The flames may have long been extinguished, but the ghosts of the ill-fated Baldia Town factory continue to haunt.
For Rasheeda, a visit to the gutted factory is almost an everyday routine. In front of the sealed building, enclosed by police officers and containers, she puts forward the usual question about her son Khurshid.
“Has his body been found?”
“No bibi. Go away from here. No one can go inside.”
And just like any other day since September 11, she returns home with no news about her son, one of 259 people who perished in the flames of Pakistan’s largest factory fire. Rasheeda is from one of 70 families who all but know their fate, but continue to wait for that final closure.
A month-and-a-half since the disaster, there is no official record, no list, no names being put forward by authorities of how many people worked at the factory, how many were present the day the fire broke out, or an exact death toll.
Investigation Officer Jahanzaib Khan told The Express Tribune that he has requested the court to allow him to meet the owners of the factory to fetch records of the workers — both alive and deceased.
Jahanzaib has finally conceded that the number of workers feared dead might be much higher than what authorities have revealed officially.
“The death toll might be higher.

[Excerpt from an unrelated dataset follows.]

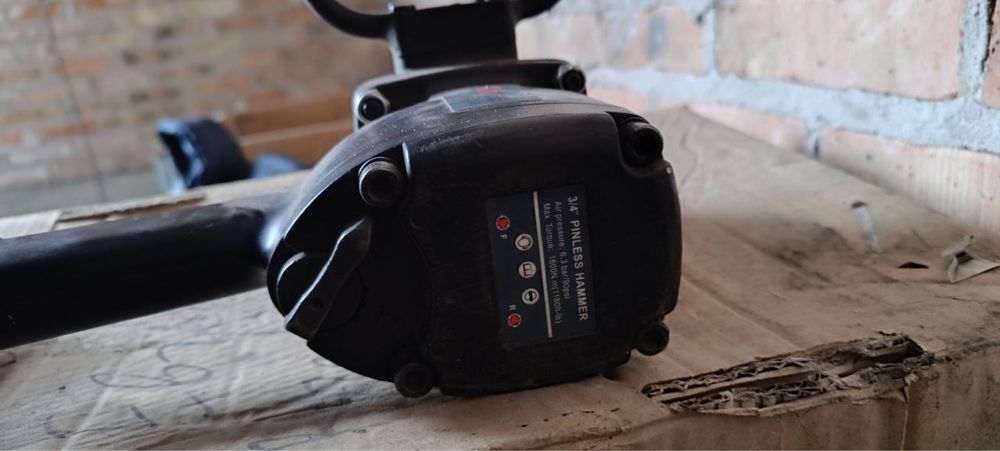 Гайковерт/ключ пневматичний Gut Meister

The confusion would clear once we are allowed to retrieve information from the factory’s administration block which was safe from the fire.”
But with only 500 of the said 1,200 workers registered, this seems a daunting task, he adds.
With such discrepancies, chances of the number of workers who died in the inferno seem to be higher than the official toll of 259. The police officer has received 100 complaints of people gone missing in the factory fire. Social activists have put up a list of 74 victims whose bodies have not been found yet.
Those lying in the Edhi morgue are only 32.
The former commissioner says that 11 body parts were found separately from the site.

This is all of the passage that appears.